Given records:
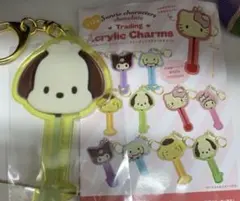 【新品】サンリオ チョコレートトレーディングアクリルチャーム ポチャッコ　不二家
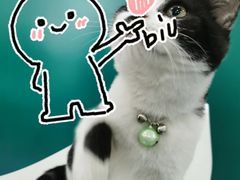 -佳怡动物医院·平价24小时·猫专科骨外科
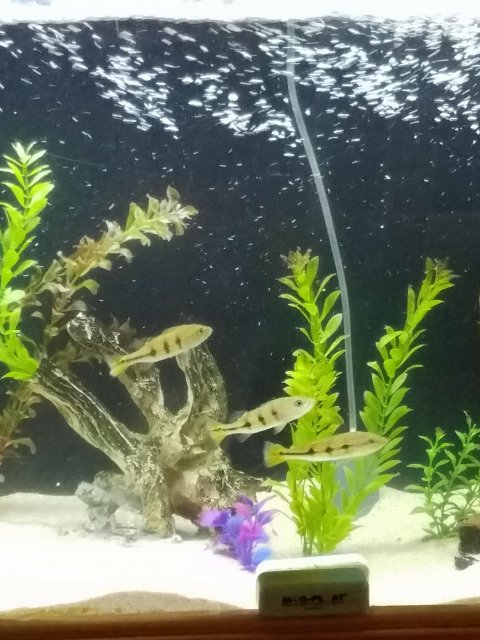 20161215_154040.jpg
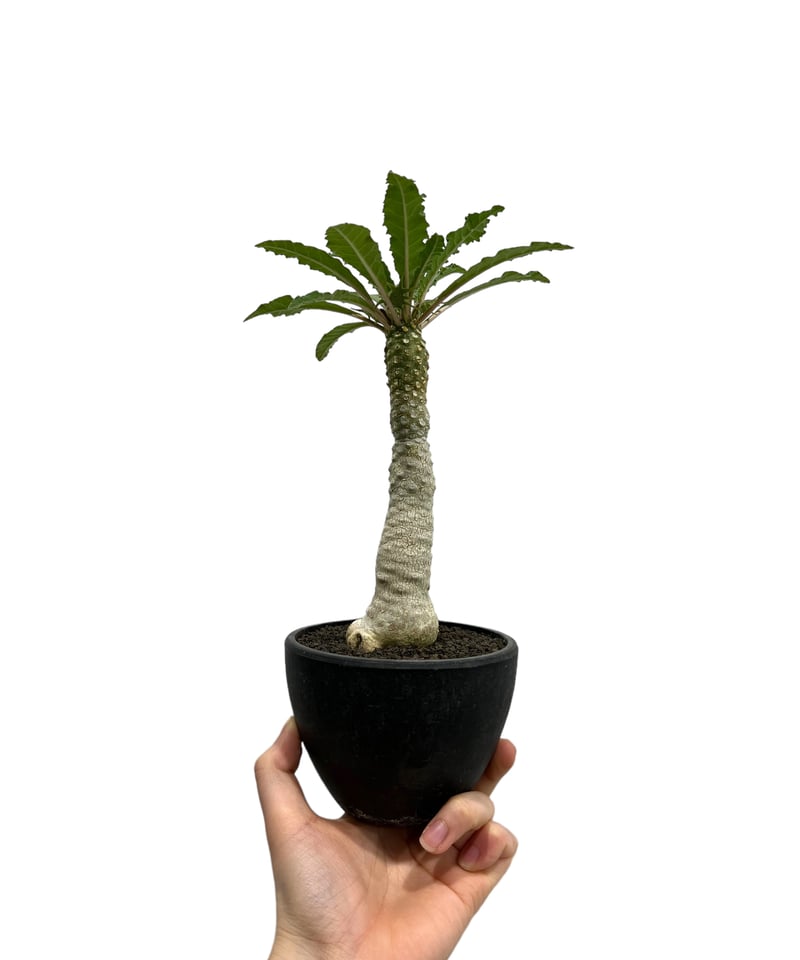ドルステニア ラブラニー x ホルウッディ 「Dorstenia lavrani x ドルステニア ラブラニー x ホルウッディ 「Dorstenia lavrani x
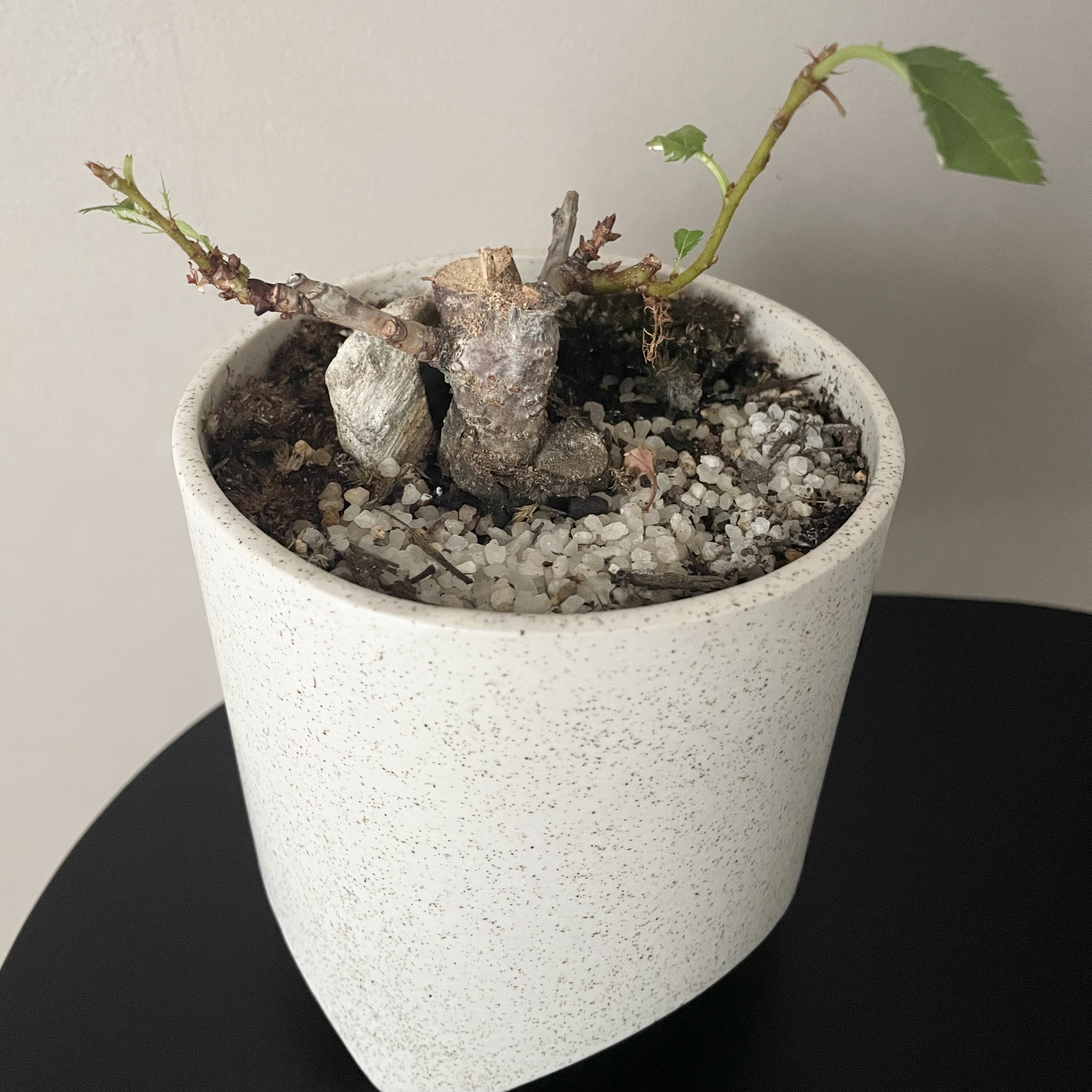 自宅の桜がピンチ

==

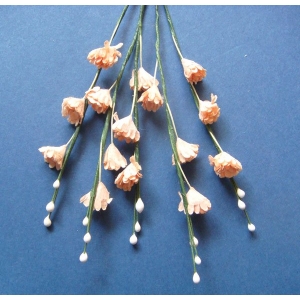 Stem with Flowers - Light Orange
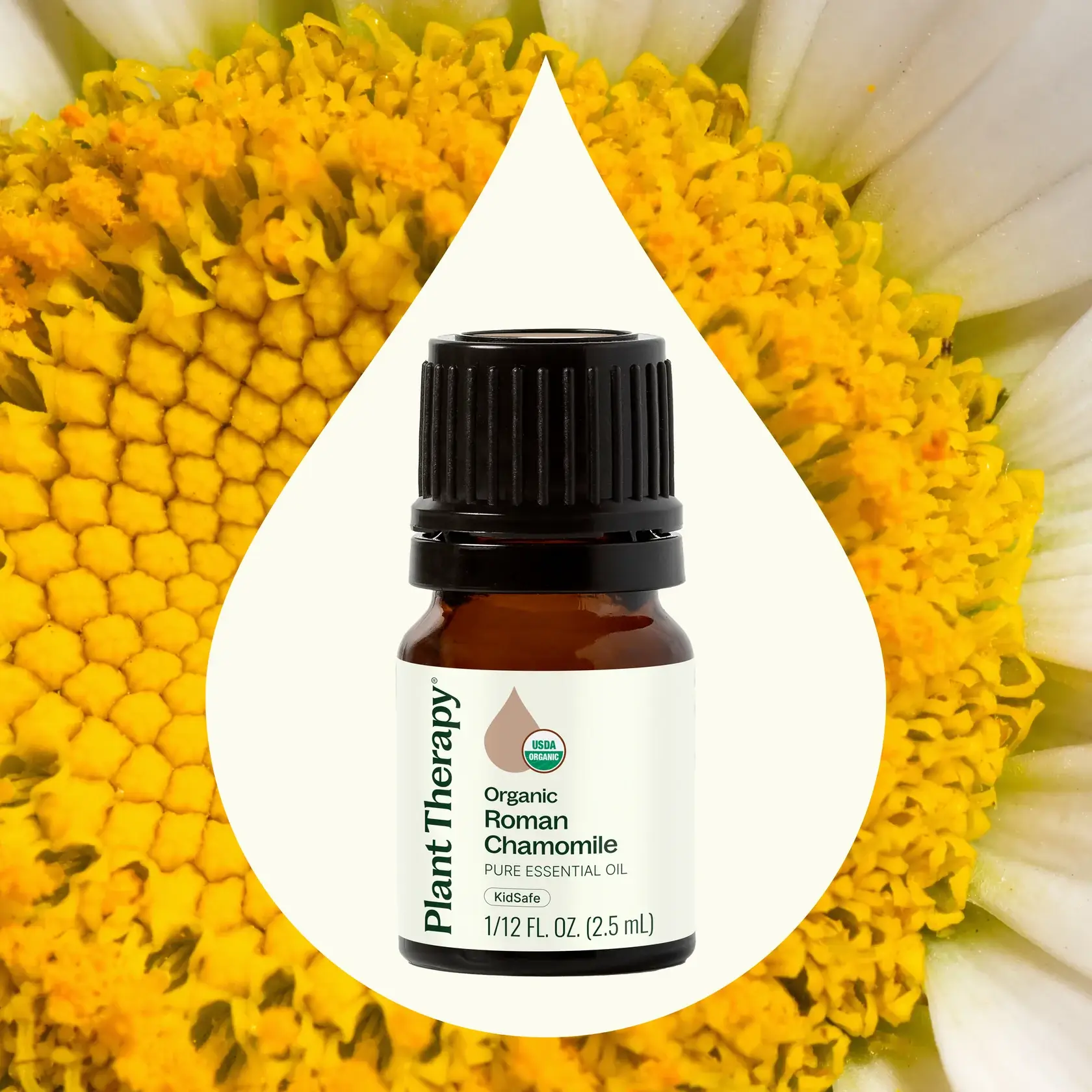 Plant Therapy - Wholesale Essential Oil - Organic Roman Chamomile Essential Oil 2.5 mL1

Aim of the exercise:
Copy out the listing above from the line containing "Stem with Flowers - Light Orange" to the line containing "Plant Therapy - Wholesale", both included, exactly as written and minus the images.

Answer space:
 Stem with Flowers - Light Orange
 Plant Therapy - Wholesale Essential Oil - Organic Roman Chamomile Essential Oil 2.5 mL1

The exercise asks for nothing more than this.